The first two choices are convenient for sections with very few properties, to avoid having to write a section header line just for one or two properties.

The last one is especially convenient when a section with many properties has a deeply nested path, to avoid having to repeat (part of) the path for each and every property.

Caveat lector: this creates the possibility of inconsistent configurations like the following:

[foo]
bar = 1

[foo bar]
baz = 1

With the given code, a configuration like this will trigger a ref stricture exception while parsing, because it is essentially equivalent to the following code:

use strict 'refs';
$config->{'foo'}{'bar'} = 1;
$config->{'foo'}{'bar'}{'baz'} = 1; # boom

Depending on use case, the ref stricture exception may or may not be sufficient (syntax) error handling.

SEE ALSO

Config::Tiny

The original basis for this module. Its design is focused on making the simplest operations as easy as possible, so it returns the configuration as a blessed hash on which you can call a method to write it back to a file. It does not preserve any information about the order or recurrence of either sections or properties.

Config::Tiny::Ordered

This is a clone of Config::Tiny with a more complex data structure, allowing it to preserve the order and recurrence of properties within sections. Section order and recurrence is still discarded. There is no other change in trade-offs.

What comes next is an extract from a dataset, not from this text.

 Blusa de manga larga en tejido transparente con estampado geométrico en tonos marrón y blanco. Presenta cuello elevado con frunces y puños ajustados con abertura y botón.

The shape of its output data structure is easy to replicate with this module, as shown in the cookbook.

Config::INI

An attempt at making Config::Tiny flexible by breaking out the steps in the parser as methods, which allows parsing a different syntax. Tweaking is done by subclassing, which is cumbersome. If you wish to avoid reimplementing large parts of the module in your subclass, you are constrained by the existing call graph, so you must stay fairly close to both the original format and the default data structure shape. In other words, you can parse any format into any output, so long as it is basically INI parsed into the default output format; or you can write basically your own parser.

By contrast, Config::INI::Tiny offers no way of redefining the core INI syntax but instead provides an easy-to-process full-fidelity representation of its semantics, so that you can implement additional semantics on top of it, as shown in the cookbook.

AUTHOR

Aristotle Pagaltzis <pagaltzis@gmx.de>

COPYRIGHT AND LICENSE

This software is copyright (c) 2021 by Aristotle Pagaltzis.

This is free software; you can redistribute it and/or modify it under the same terms as the Perl 5 programming language system itself.